West of Scotland creates regional healthcare portal
An ambitious project to link the Orion Health portals in use at five West of Scotland health boards has just been completed; and is already delivering significant benefits to clinicians.
Scottish health boards covering a population of 2.2 million people can share patient information now that a two-year project to create a regional portal has been completed.
Five West of Scotland health boards are covered by the project to link their Orion Health portals, with NHS Dumfries and Galloway the latest to join in July.
Clinicians can now click on a simple link within their own health board’s portal to access the regional portal links, from where they can view test results and other information.
Nick Reed, a consultant in clinical oncology at the Beatson Oncology Centre in Glasgow, says this had already led to “huge improvements in communications and time savings.”
“You have the ability to access results, forms and correspondence in a speedy manner, which allows you to make decisions in clinics very quickly,” he says.
Working on a common goal
Scotland has had an eHealth strategy in place since 2011. As part of this strategy the West of Scotland deployed a clinical portal, with all boards converging on technology from Orion Health.
William Edwards, director of eHealth and HI&T at NHS Greater Glasgow and Clyde, says getting the governance right was vital. “You need to be clear about what problem you want to solve and then make sure that the governance is in place to solve it,” he says. “Without that, you will not get anywhere.”
Programme manager David Dougan says the project set out to make it easy for clinicians to find the information they wanted, while also addressing security and confidentiality issues.
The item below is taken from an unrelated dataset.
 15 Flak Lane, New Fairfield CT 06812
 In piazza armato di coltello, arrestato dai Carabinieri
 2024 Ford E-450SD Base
“We have taken a simple approach,” he says. “So, for example, if a Greater Glasgow and Clyde clinician has a patient in front of them, there is an optional tab within the Greater Glasgow and Clyde portal called ‘Regional Portals’.
“If they click that, they are presented with an overview page, on which there are links to all the other health board portals they can access. If they select one of those links, it opens the portal and passes over the CHI Number (the Scottish national patient identifier) to search for a match.”
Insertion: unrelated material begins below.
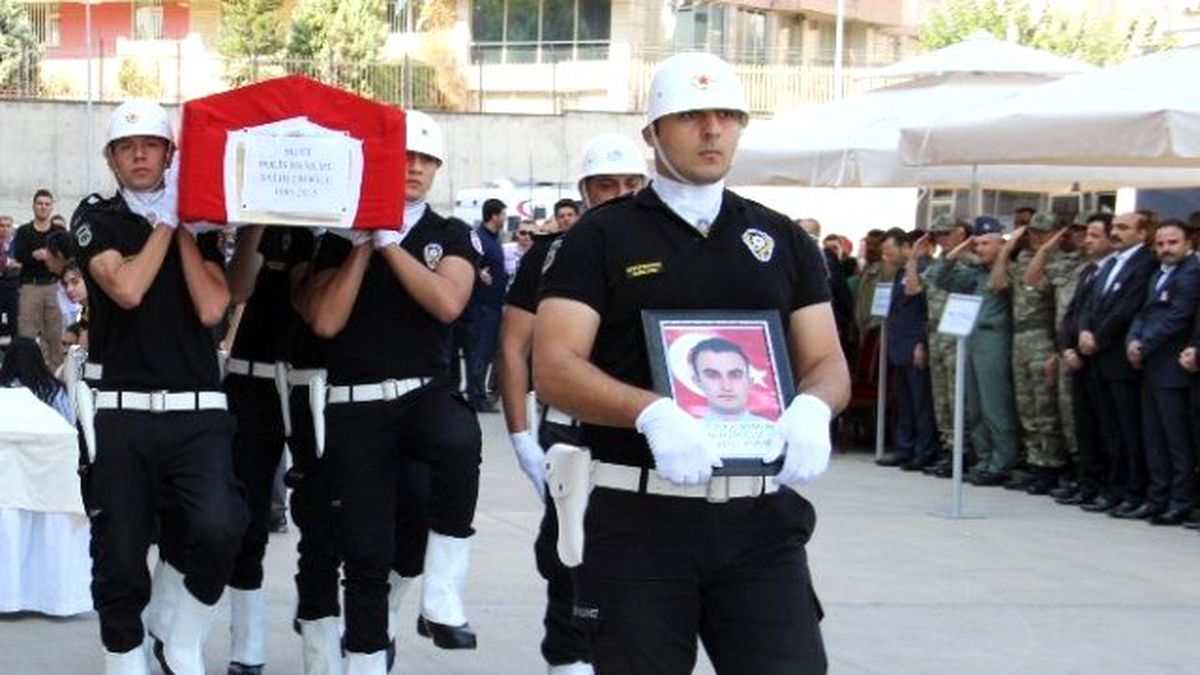 Şehit Polis Memleketine Uğurlandı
A huge step forward for clinicians
Consultant oncologist Nick Reed says the successful project has been “a huge step forward.” “As a cancer specialist, I work within a regional service, and between 55 and 60 per cent of our patients do not reside within the Greater Glasgow and Clyde catchment area,” he says.
“They come from surrounding health boards and, occasionally, if they have a very rare cancer, from other parts of Scotland. We could find some information for them by going into the SCI Stores (national information repositories) for the individual health boards.
“But the big advantages of the regional portal are that you don’t have to manage so many passwords and you can find additional information, such as clinical correspondence. It really is useful.
“If I am seeing a new patient, or a follow-up patient who has had investigations done, or a patient on chemotherapy, then I want to see their test results, and their scan results, and their treatment log. Now, I can do that without going in and out of the SCI stores, which is a huge benefit.”
Research done ahead of the project underlines this point. It found that doctors could spend 70 minutes per day looking for information about patients; and the value of that time was almost £20,000 a year.
The same research found that if doctors couldn’t find the information they wanted, a third would work without it and a sixth would order additional investigations and tests; which also cost money, and could delay care.
The regional portal is being well-used; already, clinicians are accessing 3-4,000 cross board records every week, and there have been more than 50,000 log-ons so far this year. However, it could be extended further.
Nick Reed is all in favour. “If it can be extended, which I hope it can, to Lothian and Tayside and Grampian, then we will have achieved something that I doubt the English system will ever achieve, and that is a joined-up radiology system, with national PACS, and joined-up clinical portals.”